■ **Activity**: A full, exact copy of the records below is the required answer.

- - - - - - -

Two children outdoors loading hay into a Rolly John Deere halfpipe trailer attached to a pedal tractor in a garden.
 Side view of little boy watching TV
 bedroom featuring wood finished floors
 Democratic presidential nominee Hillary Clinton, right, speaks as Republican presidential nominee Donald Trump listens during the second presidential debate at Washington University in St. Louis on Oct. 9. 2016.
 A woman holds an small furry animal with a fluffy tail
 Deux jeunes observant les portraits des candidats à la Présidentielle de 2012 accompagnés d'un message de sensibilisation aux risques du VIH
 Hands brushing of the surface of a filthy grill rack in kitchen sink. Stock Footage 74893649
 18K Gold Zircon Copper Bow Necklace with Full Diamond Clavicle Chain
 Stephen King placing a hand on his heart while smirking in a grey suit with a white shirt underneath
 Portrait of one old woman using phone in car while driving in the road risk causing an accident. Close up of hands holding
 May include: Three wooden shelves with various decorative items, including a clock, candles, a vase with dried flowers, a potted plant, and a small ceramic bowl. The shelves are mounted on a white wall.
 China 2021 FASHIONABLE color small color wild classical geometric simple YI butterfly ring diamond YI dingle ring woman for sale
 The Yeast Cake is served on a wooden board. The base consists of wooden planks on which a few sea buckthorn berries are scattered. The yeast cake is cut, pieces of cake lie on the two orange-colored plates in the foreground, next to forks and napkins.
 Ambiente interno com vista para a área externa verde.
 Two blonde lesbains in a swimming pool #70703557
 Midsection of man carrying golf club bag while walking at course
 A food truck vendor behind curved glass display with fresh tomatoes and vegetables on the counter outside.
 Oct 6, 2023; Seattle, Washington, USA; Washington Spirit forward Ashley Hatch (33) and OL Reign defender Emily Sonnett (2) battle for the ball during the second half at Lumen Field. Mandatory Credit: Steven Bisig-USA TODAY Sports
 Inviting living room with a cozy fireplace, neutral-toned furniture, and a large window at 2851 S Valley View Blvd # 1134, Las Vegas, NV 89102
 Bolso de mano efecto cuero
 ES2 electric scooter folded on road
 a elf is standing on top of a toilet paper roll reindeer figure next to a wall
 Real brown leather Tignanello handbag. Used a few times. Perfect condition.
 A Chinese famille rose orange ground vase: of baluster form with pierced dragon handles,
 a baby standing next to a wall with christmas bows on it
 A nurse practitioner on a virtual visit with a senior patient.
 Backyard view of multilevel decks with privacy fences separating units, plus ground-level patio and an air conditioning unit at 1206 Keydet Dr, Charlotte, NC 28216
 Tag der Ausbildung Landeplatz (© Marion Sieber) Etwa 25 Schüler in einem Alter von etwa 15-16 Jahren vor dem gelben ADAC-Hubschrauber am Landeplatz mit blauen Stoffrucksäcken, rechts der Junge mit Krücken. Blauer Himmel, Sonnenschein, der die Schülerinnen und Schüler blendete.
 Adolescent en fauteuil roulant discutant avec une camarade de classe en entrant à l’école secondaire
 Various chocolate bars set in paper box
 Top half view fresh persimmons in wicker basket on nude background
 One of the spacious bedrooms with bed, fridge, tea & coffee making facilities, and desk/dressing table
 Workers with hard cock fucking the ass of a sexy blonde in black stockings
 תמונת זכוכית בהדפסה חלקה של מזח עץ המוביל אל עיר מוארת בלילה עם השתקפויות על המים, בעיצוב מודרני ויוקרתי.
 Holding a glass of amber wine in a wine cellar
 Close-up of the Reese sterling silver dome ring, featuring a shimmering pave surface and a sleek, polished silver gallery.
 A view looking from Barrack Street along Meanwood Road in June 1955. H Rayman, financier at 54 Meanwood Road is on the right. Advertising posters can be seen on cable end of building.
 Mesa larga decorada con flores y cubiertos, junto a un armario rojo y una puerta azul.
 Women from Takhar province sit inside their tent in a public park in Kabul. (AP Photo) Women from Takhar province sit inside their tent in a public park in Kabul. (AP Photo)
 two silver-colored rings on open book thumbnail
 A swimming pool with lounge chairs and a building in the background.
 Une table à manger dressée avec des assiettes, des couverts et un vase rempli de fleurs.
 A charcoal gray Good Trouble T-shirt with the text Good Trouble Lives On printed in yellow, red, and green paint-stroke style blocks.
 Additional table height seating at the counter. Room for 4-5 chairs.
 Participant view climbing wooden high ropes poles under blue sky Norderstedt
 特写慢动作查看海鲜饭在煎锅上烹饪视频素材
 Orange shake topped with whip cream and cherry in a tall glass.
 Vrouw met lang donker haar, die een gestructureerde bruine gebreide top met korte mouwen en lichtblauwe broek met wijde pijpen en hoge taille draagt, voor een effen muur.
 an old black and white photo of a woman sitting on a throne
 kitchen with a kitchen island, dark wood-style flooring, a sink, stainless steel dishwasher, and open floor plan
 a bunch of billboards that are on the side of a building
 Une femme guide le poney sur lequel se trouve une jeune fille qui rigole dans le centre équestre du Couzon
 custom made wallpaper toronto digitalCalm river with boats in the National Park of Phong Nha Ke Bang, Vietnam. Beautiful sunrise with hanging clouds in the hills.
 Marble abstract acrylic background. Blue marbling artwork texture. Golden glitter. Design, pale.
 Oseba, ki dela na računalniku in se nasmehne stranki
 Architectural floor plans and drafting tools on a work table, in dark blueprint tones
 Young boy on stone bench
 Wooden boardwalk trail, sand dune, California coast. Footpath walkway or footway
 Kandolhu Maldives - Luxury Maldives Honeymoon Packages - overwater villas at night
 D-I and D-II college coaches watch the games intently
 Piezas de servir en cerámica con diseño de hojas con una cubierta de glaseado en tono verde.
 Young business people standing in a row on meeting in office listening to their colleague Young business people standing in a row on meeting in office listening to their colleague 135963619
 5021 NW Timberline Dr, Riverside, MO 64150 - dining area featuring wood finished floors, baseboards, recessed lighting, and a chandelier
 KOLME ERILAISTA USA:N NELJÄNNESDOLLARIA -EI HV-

- - - - - - -

■ **Output for this exercise**:
Two children outdoors loading hay into a Rolly John Deere halfpipe trailer attached to a pedal tractor in a garden.
 Side view of little boy watching TV
 bedroom featuring wood finished floors
 Democratic presidential nominee Hillary Clinton, right, speaks as Republican presidential nominee Donald Trump listens during the second presidential debate at Washington University in St. Louis on Oct. 9. 2016.
 A woman holds an small furry animal with a fluffy tail
 Deux jeunes observant les portraits des candidats à la Présidentielle de 2012 accompagnés d'un message de sensibilisation aux risques du VIH
 Hands brushing of the surface of a filthy grill rack in kitchen sink. Stock Footage 74893649
 18K Gold Zircon Copper Bow Necklace with Full Diamond Clavicle Chain
 Stephen King placing a hand on his heart while smirking in a grey suit with a white shirt underneath
 Portrait of one old woman using phone in car while driving in the road risk causing an accident. Close up of hands holding
 May include: Three wooden shelves with various decorative items, including a clock, candles, a vase with dried flowers, a potted plant, and a small ceramic bowl. The shelves are mounted on a white wall.
 China 2021 FASHIONABLE color small color wild classical geometric simple YI butterfly ring diamond YI dingle ring woman for sale
 The Yeast Cake is served on a wooden board. The base consists of wooden planks on which a few sea buckthorn berries are scattered. The yeast cake is cut, pieces of cake lie on the two orange-colored plates in the foreground, next to forks and napkins.
 Ambiente interno com vista para a área externa verde.
 Two blonde lesbains in a swimming pool #70703557
 Midsection of man carrying golf club bag while walking at course
 A food truck vendor behind curved glass display with fresh tomatoes and vegetables on the counter outside.
 Oct 6, 2023; Seattle, Washington, USA; Washington Spirit forward Ashley Hatch (33) and OL Reign defender Emily Sonnett (2) battle for the ball during the second half at Lumen Field. Mandatory Credit: Steven Bisig-USA TODAY Sports
 Inviting living room with a cozy fireplace, neutral-toned furniture, and a large window at 2851 S Valley View Blvd # 1134, Las Vegas, NV 89102
 Bolso de mano efecto cuero
 ES2 electric scooter folded on road
 a elf is standing on top of a toilet paper roll reindeer figure next to a wall
 Real brown leather Tignanello handbag. Used a few times. Perfect condition.
 A Chinese famille rose orange ground vase: of baluster form with pierced dragon handles,
 a baby standing next to a wall with christmas bows on it
 A nurse practitioner on a virtual visit with a senior patient.
 Backyard view of multilevel decks with privacy fences separating units, plus ground-level patio and an air conditioning unit at 1206 Keydet Dr, Charlotte, NC 28216
 Tag der Ausbildung Landeplatz (© Marion Sieber) Etwa 25 Schüler in einem Alter von etwa 15-16 Jahren vor dem gelben ADAC-Hubschrauber am Landeplatz mit blauen Stoffrucksäcken, rechts der Junge mit Krücken. Blauer Himmel, Sonnenschein, der die Schülerinnen und Schüler blendete.
 Adolescent en fauteuil roulant discutant avec une camarade de classe en entrant à l’école secondaire
 Various chocolate bars set in paper box
 Top half view fresh persimmons in wicker basket on nude background
 One of the spacious bedrooms with bed, fridge, tea & coffee making facilities, and desk/dressing table
 Workers with hard cock fucking the ass of a sexy blonde in black stockings
 תמונת זכוכית בהדפסה חלקה של מזח עץ המוביל אל עיר מוארת בלילה עם השתקפויות על המים, בעיצוב מודרני ויוקרתי.
 Holding a glass of amber wine in a wine cellar
 Close-up of the Reese sterling silver dome ring, featuring a shimmering pave surface and a sleek, polished silver gallery.
 A view looking from Barrack Street along Meanwood Road in June 1955. H Rayman, financier at 54 Meanwood Road is on the right. Advertising posters can be seen on cable end of building.
 Mesa larga decorada con flores y cubiertos, junto a un armario rojo y una puerta azul.
 Women from Takhar province sit inside their tent in a public park in Kabul. (AP Photo) Women from Takhar province sit inside their tent in a public park in Kabul. (AP Photo)
 two silver-colored rings on open book thumbnail
 A swimming pool with lounge chairs and a building in the background.
 Une table à manger dressée avec des assiettes, des couverts et un vase rempli de fleurs.
 A charcoal gray Good Trouble T-shirt with the text Good Trouble Lives On printed in yellow, red, and green paint-stroke style blocks.
 Additional table height seating at the counter. Room for 4-5 chairs.
 Participant view climbing wooden high ropes poles under blue sky Norderstedt
 特写慢动作查看海鲜饭在煎锅上烹饪视频素材
 Orange shake topped with whip cream and cherry in a tall glass.
 Vrouw met lang donker haar, die een gestructureerde bruine gebreide top met korte mouwen en lichtblauwe broek met wijde pijpen en hoge taille draagt, voor een effen muur.
 an old black and white photo of a woman sitting on a throne
 kitchen with a kitchen island, dark wood-style flooring, a sink, stainless steel dishwasher, and open floor plan
 a bunch of billboards that are on the side of a building
 Une femme guide le poney sur lequel se trouve une jeune fille qui rigole dans le centre équestre du Couzon
 custom made wallpaper toronto digitalCalm river with boats in the National Park of Phong Nha Ke Bang, Vietnam. Beautiful sunrise with hanging clouds in the hills.
 Marble abstract acrylic background. Blue marbling artwork texture. Golden glitter. Design, pale.
 Oseba, ki dela na računalniku in se nasmehne stranki
 Architectural floor plans and drafting tools on a work table, in dark blueprint tones
 Young boy on stone bench
 Wooden boardwalk trail, sand dune, California coast. Footpath walkway or footway
 Kandolhu Maldives - Luxury Maldives Honeymoon Packages - overwater villas at night
 D-I and D-II college coaches watch the games intently
 Piezas de servir en cerámica con diseño de hojas con una cubierta de glaseado en tono verde.
 Young business people standing in a row on meeting in office listening to their colleague Young business people standing in a row on meeting in office listening to their colleague 135963619
 5021 NW Timberline Dr, Riverside, MO 64150 - dining area featuring wood finished floors, baseboards, recessed lighting, and a chandelier
 KOLME ERILAISTA USA:N NELJÄNNESDOLLARIA -EI HV-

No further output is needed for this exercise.